Sukhpal Johal will spend another 3.5 years in prison in relation to the death of Kulwinder Gill of Abbotsford

Kulwinder Gill

A Surrey man’s drug addiction propelled him into a downward spiral that resulted in his being charged in relation to the killing of an Abbotsford woman, his lawyer said Monday during his sentencing hearing.

Sukhpal Johal, 29, previously pleaded guilty to a charge of conspiracy to commit murder in relation to the April 2009 death of Kulwinder Gill, 42, of Abbotsford, and appeared this week in B.C. Supreme Court in New Westminster.

An additional charge of accessory after the fact was stayed.

The judge, who ruled on Tuesday, agreed with the Crown and defence lawyers’ joint submission that Johal should receive a 10-year jail term.

Johal has been in custody since his arrest, and, taking into account double credit for time already served, he will spend another three and a half years in prison.

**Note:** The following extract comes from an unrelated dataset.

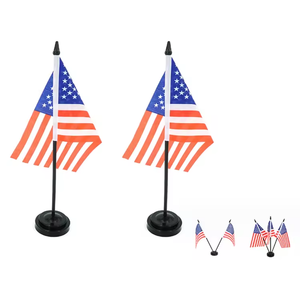 Drapeaux de bureau en polyester imprimés en gros de l'usine chinoise Swil, petits drapeaux de <span class=keywords><strong>table</strong></span>, mini drapeaux de bureau avec support et mât - Product Image 4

He was also given a lifetime weapons ban.

Evidence presented in court was placed under a publication ban, as two other men charged in the case – Gurpreet Atwal, 29, and Kulwinder’s husband, Iqbal Gill, 52, both of Abbotsford – have yet to go to trial, each on a charge of first-degree murder.

Atwal is scheduled to go to trial before a jury in September, while Gill’s trial is set for May 2017.

A fourth man, Jaspreet Sohi, 31, of Surrey pleaded guilty in October 2015 to a charge of being an accessory to murder after the fact and was sentenced to time served plus one day in jail. A first-degree murder charge was stayed.

The four men were charged in April 2013 – four years after Kulwinder’s death.

The publication ban prohibits outlining the role that each man allegedly played in the killing.

Kulwinder had been out for a walk with her husband on April 27, 2009, when she was struck by a pickup truck in the rural area of Townshipline and Bell roads, east of Highway 11.

Responding officers were flagged down by her husband, who led them to a water-filled ditch, where Gill had been thrown by the impact.

A suspect vehicle with signs of damage was seized by police on acreage several blocks away.

The incident was initially believed to be a hit-and-run collision, but police soon began investigating it as a suspicious death.

At Johal’s sentencing hearing on Monday, defence lawyer Georgia Docolas said the judge should consider Johal’s guilty plea as a mitigating factor in sentencing, because it shows he is remorseful.

She said Johal’s rehabilitative efforts he has made during his three years in custody should also be taken into account, as should the “relatively minor” role he played in the crime.

Prior to his involvement in Gill’s death, Johal was a “low-level drug dealer and criminal” who was addicted to drugs and associated with “negative peers,” Docolas said. She said he had hit “rock bottom” around the time of Kulwinder’s death.

She said that since Johal’s incarceration, he has taken and completed every program available to him, including on topics such as substance abuse, employability skills, healthy relationships, money management and conflict resolution.

Docolas said Johal plans to remain clean and sober once released from prison, and will return to the trucking business he once started.

Crown lawyer Rod Flannigan said the prosecution and defence attorneys engaged in “serious and thorough negotiations” – which included combing through thousands of pages of evidence – to arrive at their joint sentencing recommendation.

A victim impact statement from Kulwinder’s father was presented at the hearing, and Flannigan read an excerpt in court.

Her father stated that the death has left him bitter, without hope and with failing health.

“I’m only alive for the sake of living,” he wrote in the statement.